## INPUT MATERIAL
---+---
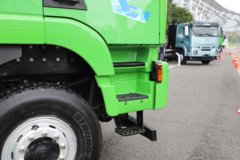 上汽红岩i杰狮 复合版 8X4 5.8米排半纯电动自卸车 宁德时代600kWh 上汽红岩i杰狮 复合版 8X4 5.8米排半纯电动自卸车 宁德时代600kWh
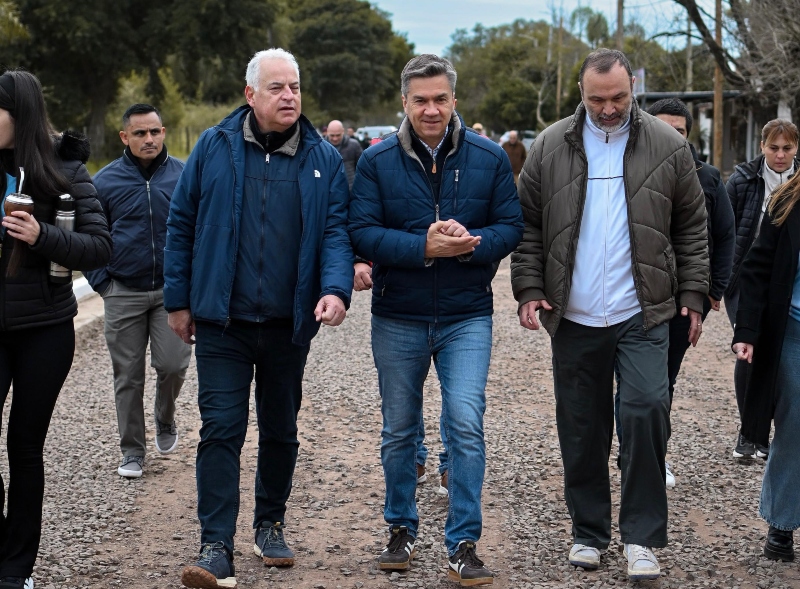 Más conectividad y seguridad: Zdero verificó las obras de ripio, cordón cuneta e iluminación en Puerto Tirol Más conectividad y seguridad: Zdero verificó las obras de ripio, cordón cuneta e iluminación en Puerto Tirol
---+---
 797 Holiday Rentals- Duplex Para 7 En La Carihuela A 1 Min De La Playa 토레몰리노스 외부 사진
---+---
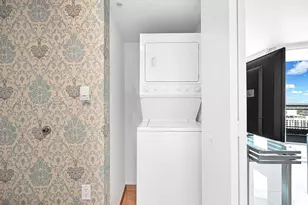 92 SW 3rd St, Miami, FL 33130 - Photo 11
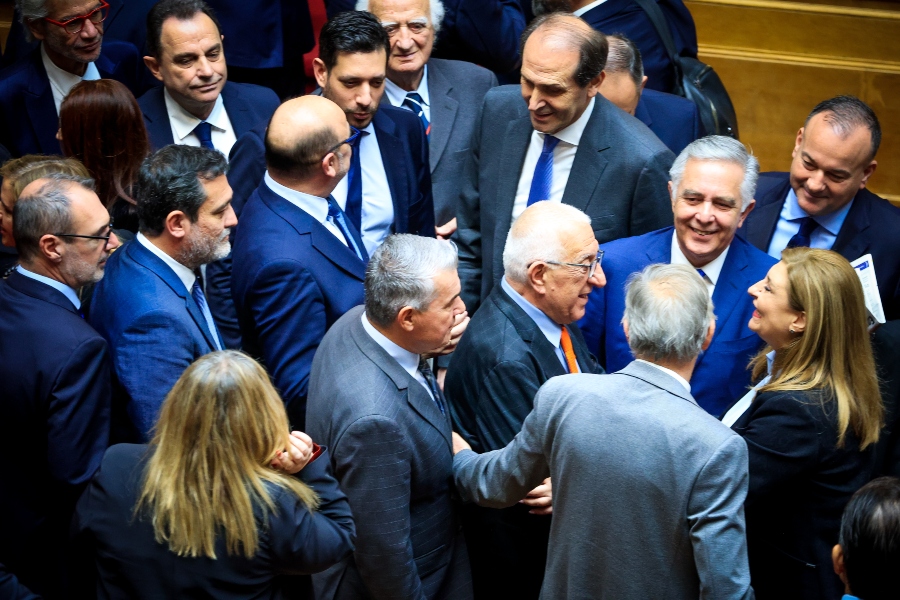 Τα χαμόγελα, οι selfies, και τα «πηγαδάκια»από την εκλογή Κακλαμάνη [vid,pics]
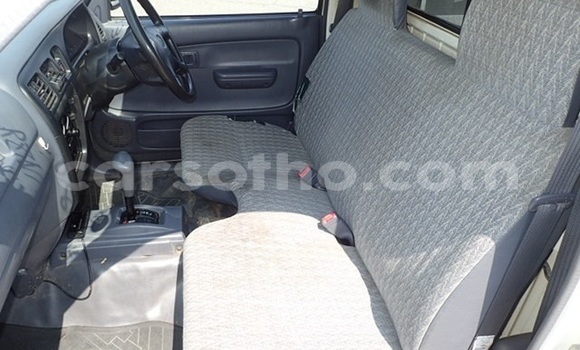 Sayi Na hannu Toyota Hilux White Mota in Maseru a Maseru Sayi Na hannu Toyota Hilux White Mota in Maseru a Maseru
---+---
## EXERCISE DETAILS
Exactly the lines starting at the one above with "上汽红岩i杰狮 复合版 8X4 5.8米排半纯电动自卸车 宁德时代600kWh 上汽红岩i杰狮" and ending at the one with "Puerto Tirol Más" should be printed, and nothing else. Omit the pictures.

## EXERCISE ANSWER
 上汽红岩i杰狮 复合版 8X4 5.8米排半纯电动自卸车 宁德时代600kWh 上汽红岩i杰狮 复合版 8X4 5.8米排半纯电动自卸车 宁德时代600kWh
 Más conectividad y seguridad: Zdero verificó las obras de ripio, cordón cuneta e iluminación en Puerto Tirol Más conectividad y seguridad: Zdero verificó las obras de ripio, cordón cuneta e iluminación en Puerto Tirol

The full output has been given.